Lamentablemente, en Chile no somos inmunes a la tendencia de la disrupción. La izquierda, incluso la centroizquierda, la que gobernó con tanta responsabilidad durante 20 años, vio en las manifestaciones de 2019 una posibilidad de profundizar las contradicciones, agradeciendo a “los chiquillos” por haber abierto el camino a un proceso de cambio constitucional, y cuyo resultado sigue siendo incierto. Y tanto la izquierda, como hoy la derecha, ven en las acusaciones constitucionales –sabiendo que estas no tienen ni asidero político ni justificación jurídica– herramientas para dañar al gobierno de turno. Esta es la política de la disrupción en todo su despliegue.
La disrupción, como en el caso chileno, puede ser producto de caprichos personales, de estrategias baratas para que congresistas aparezcan en la prensa, o pueden ser, como en caso de Brasil o EE. UU., parte de un movimiento coordinado y financiado. En todos los casos, lo que se busca es capitalizar en la rabia de la gente, que, por diversos motivos, terminan por llevar a individuos o partidos al poder (no es casualidad que en los casos extranjeros citados, los ganadores son individuos, no partidos).
Pero con la estrategia disruptiva no hay ni ganadores ni perdedores.

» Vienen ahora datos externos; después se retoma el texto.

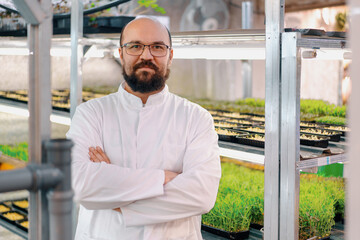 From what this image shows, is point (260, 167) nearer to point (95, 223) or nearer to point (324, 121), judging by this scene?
point (324, 121)

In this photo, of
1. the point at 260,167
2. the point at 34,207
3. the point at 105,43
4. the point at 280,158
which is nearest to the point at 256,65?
the point at 260,167

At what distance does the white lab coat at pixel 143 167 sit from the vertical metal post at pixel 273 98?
25cm

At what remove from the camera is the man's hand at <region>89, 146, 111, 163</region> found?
6.56 feet

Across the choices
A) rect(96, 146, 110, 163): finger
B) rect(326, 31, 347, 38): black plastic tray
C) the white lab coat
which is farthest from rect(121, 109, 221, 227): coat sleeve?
rect(326, 31, 347, 38): black plastic tray

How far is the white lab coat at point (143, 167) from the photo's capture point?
188 cm

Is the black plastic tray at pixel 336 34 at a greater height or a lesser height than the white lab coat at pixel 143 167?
greater

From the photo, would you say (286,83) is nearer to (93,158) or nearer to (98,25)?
(93,158)

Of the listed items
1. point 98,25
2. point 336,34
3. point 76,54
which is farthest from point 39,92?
point 98,25

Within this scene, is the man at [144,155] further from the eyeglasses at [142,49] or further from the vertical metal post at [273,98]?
the vertical metal post at [273,98]

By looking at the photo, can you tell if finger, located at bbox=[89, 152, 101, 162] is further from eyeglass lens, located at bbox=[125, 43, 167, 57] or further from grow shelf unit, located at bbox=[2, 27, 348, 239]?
grow shelf unit, located at bbox=[2, 27, 348, 239]

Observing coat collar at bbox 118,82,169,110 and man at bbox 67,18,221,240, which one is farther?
coat collar at bbox 118,82,169,110

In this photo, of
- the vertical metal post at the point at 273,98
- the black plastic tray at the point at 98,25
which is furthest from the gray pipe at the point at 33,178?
the black plastic tray at the point at 98,25

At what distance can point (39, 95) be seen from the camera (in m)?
0.97

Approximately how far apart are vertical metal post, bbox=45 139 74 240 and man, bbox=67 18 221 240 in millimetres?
989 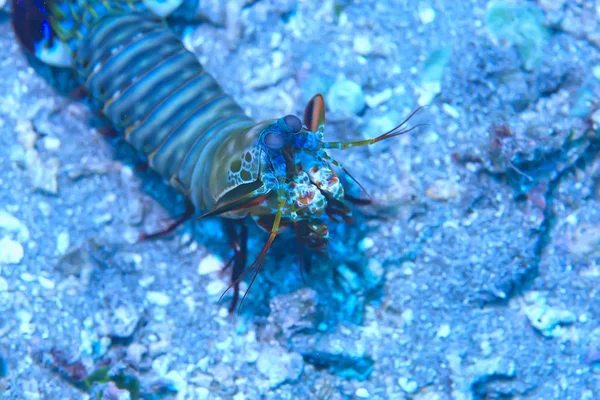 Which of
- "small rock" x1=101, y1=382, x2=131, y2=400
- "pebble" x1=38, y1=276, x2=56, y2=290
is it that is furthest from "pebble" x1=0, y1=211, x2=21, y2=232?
"small rock" x1=101, y1=382, x2=131, y2=400

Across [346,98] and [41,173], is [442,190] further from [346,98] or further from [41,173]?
[41,173]

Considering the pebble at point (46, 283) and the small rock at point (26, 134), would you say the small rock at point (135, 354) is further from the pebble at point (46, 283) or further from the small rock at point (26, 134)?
the small rock at point (26, 134)

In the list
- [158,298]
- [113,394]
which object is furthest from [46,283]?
[113,394]

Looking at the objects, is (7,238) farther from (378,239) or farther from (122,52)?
(378,239)

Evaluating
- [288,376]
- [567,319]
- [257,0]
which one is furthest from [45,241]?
[567,319]

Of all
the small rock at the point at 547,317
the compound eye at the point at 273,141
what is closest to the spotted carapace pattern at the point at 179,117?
the compound eye at the point at 273,141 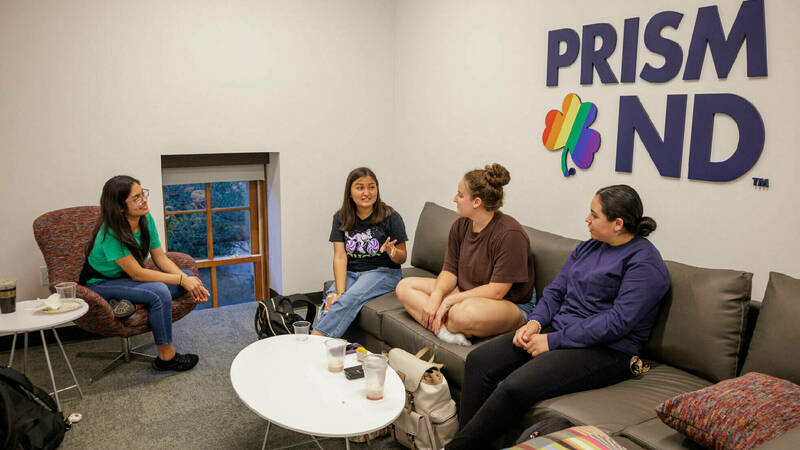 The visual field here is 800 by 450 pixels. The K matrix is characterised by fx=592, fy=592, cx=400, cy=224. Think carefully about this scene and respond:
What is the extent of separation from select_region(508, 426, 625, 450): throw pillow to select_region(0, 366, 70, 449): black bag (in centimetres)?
207

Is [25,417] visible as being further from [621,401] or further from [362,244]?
[621,401]

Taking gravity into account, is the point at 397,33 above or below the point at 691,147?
above

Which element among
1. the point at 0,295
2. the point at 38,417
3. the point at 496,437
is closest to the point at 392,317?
the point at 496,437

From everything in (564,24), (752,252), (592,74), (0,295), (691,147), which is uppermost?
(564,24)

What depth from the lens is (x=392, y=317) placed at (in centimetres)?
329

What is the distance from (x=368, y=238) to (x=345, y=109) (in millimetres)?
1529

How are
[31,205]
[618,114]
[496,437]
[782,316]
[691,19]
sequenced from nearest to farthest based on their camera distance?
1. [782,316]
2. [496,437]
3. [691,19]
4. [618,114]
5. [31,205]

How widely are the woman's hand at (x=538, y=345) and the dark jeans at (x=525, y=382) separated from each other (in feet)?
0.13

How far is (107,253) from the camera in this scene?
338 cm

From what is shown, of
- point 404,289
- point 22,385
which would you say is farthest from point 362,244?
point 22,385

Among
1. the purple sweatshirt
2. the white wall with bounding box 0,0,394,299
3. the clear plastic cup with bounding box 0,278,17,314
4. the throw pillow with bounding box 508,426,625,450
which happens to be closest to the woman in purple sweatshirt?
the purple sweatshirt

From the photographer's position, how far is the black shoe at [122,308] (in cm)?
331

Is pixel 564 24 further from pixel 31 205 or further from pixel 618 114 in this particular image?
pixel 31 205

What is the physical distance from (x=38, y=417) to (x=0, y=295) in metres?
0.67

Al debilitar normas sociales, reglas políticas, formas de convivencia e instituciones, la disrupción no profundiza las contradicciones –solamente las deja ahí. Porque la política disruptiva hace lo contrario de lo que debería hacer la política; no busca acuerdos ni soluciones ni propuestas de política pública; simplemente no queda nada. Es por eso que no debería sorprendernos que cuando políticos que hicieron carrera disruptiva, en las calles o en el Congreso, llegan al poder, no saben qué hacer, lo que ocultan con más disrupción.